Антон как в воду глядел или сказывался обретённый в лицее опыт — через несколько минут со стороны учебного заведения показался натуральный табун преподавателей и полицейских. Чисто кони на выгоне. Несутся галопом, родимые, того гляди сметут.
— Кавалерия на марше, — усмехнулся Владимир, проверив уровень заряда на телефоне. Немного подумав, он снял короткий ролик с лежащими на асфальте ножом и пистолетом, а также с сидящим на земле охранником, после чего перевёл устройство в режим аудиозаписи и убрал его в карман. Зрела в нём уверенность, что так просто его «экспромт» с наведением справедливости не закончится.

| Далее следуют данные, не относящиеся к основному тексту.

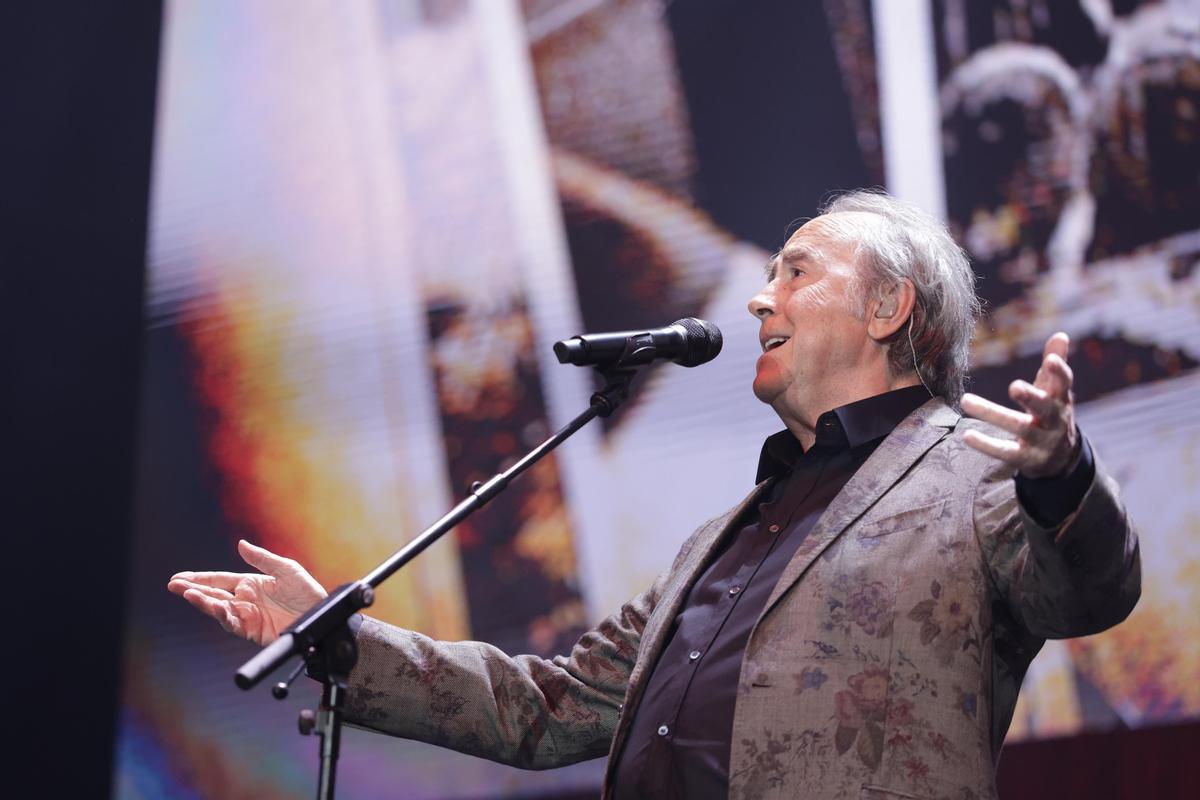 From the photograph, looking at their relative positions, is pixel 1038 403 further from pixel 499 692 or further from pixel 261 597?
pixel 261 597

— Стоять! — выставив перед собой раскрытую ладонь, Владимир осадил несколько запыхавшийся и раскрасневшийся «табун» из семи человек, пятеро из которых, скорее всего, представляли преподавательский состав, а двое являлись прикреплённым к школе полицейским нарядом. Описав полукруг, кончик трости лёг на плечо охранника. — А ты сиди, тебе никто не разрешил вставать. Старший по званию ко мне, остальные не подходят, чтобы не затоптать следы на месте преступления.
— Вы…
Неизвестно, что хотела сказать высокая представительная дама в деловом брючном костюме, вероятно являвшаяся директором или завучем, но была жёстко перебита Владимиром:
— Я сказал старший по званию! Мадам, что-то я не замечаю у вас никаких погон на плечах или шевронов.
— Старший околоточный надзиратель Еремеев, — вышел вперёд молодой полисмен с обсыпанным веснушками лицом и лихим рыжим чубом, выглядывающим из-под форменной фуражки.
— Так, околоточный Еремеев, вызывай криминальную полицию и армейский наряд.
— Э-э, — заблеял Еремеев…
— Вам что-то непонятно, товарищ Еремеев? Или мне на японском языке повторить? Имело место нападение группы лиц на ученика школы с целью нанесения травм…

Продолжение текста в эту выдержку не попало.